Critical Phenomena in Complex Networks: from Scale-free to Random Networks

TL;DR

This paper investigates critical phenomena in configuration network models with hidden variables, revealing how temperature influences network topology, degree distribution, and phase transitions from disconnected to connected structures.

Contribution

It provides analytical expressions for network properties and demonstrates how temperature controls the transition from scale-free to random graphs and the emergence of a giant component.

Findings

Degree distribution shifts from power-law to Poisson with temperature

Phase transition leads to the formation of a giant component

Network topology undergoes fundamental changes at critical temperature

Abstract

Within the conventional statistical physics framework, we study critical phenomena in a class of configuration network models with hidden variables controlling links between pairs of nodes.
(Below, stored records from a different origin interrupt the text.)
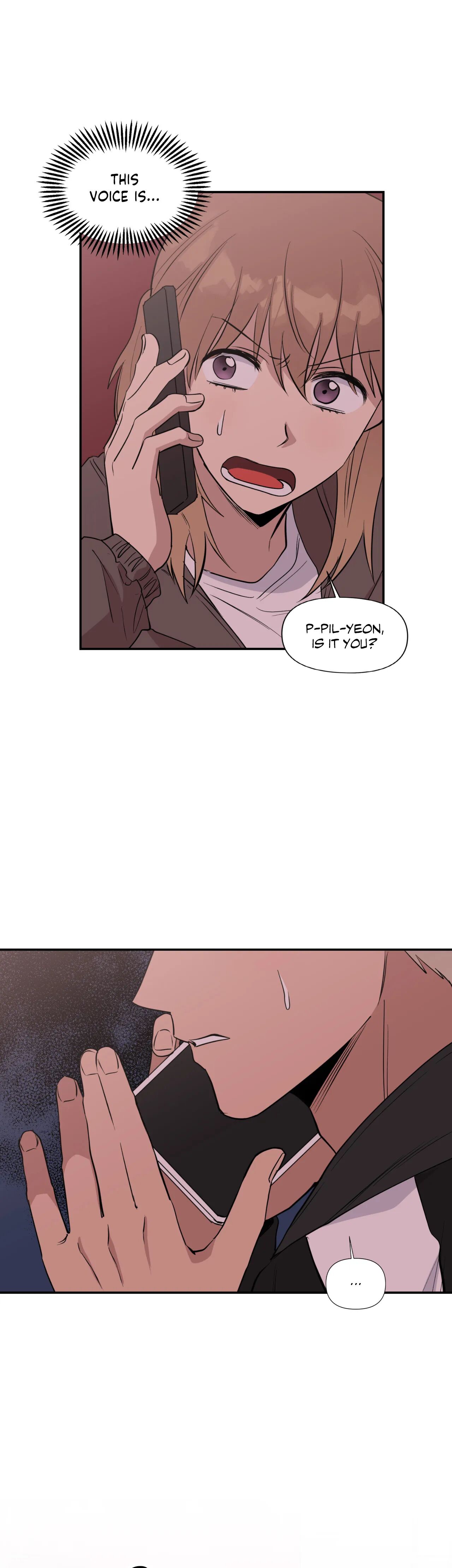 Love Rebooted Chapter 43 image 24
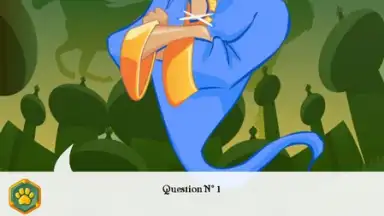 Akinator скриншот 10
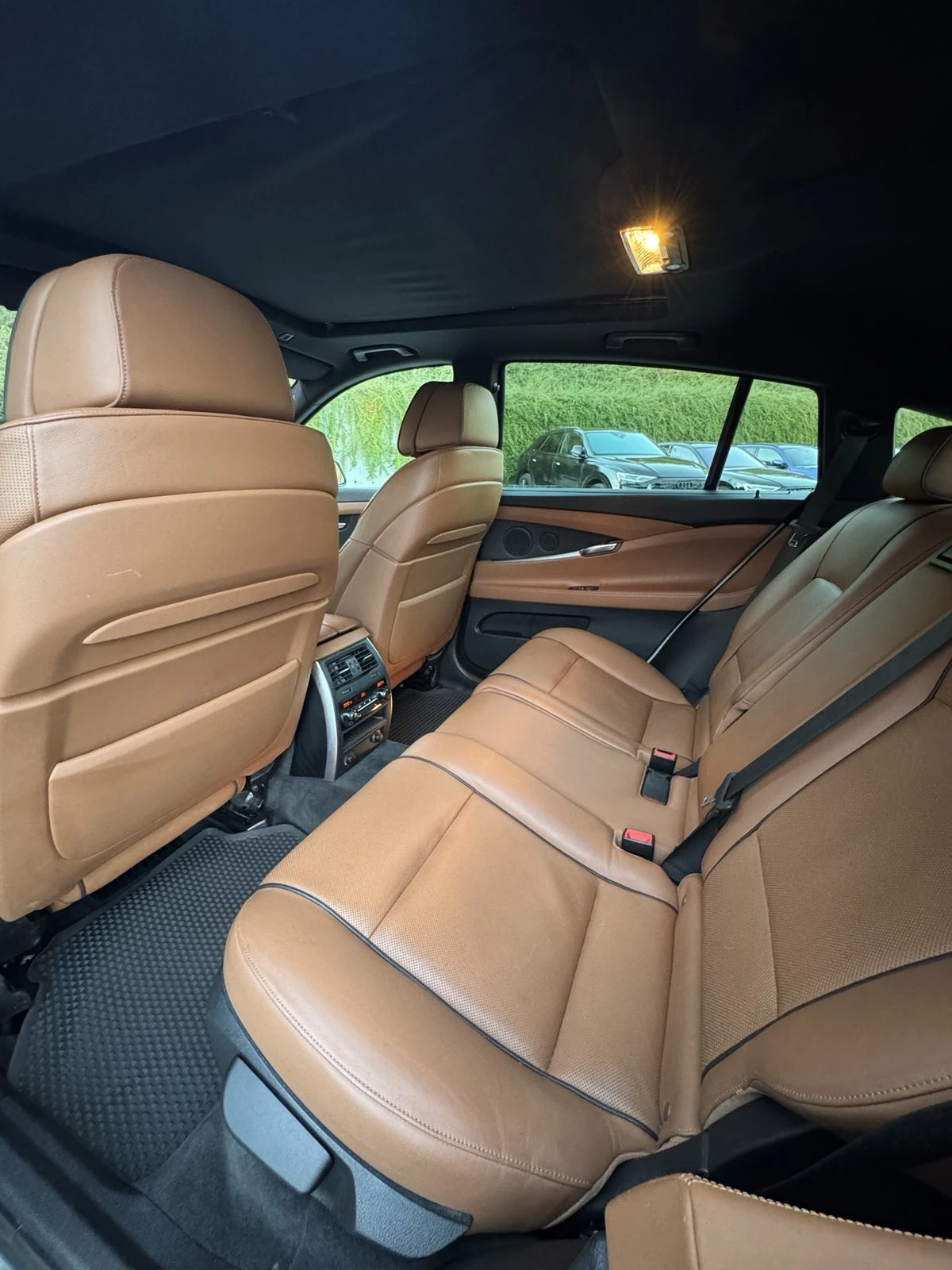 BMW 5 Gran Turismo REIHE xDRIVE | Mobile.bg � ����������� 9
We find analytical expressions for the average node degree, the expected number of edges, and the Landau and Helmholtz free energies, as a function of the temperature and number of nodes. We show that the network's temperature is a parameter that controls the average node degree in the whole network and the transition from unconnected graphs to a power-law degree (scale-free) and random graphs. With increasing temperature, the degree distribution is changed from power-law degree distribution, for lower temperatures, to a Poisson-like distribution for high temperatures. We also show that phase transition in the so-called Type A networks leads to fundamental structural changes in the network topology. Below the critical temperature, the graph is completely disconnected. Above the critical temperature, the graph becomes connected, and a giant component appears.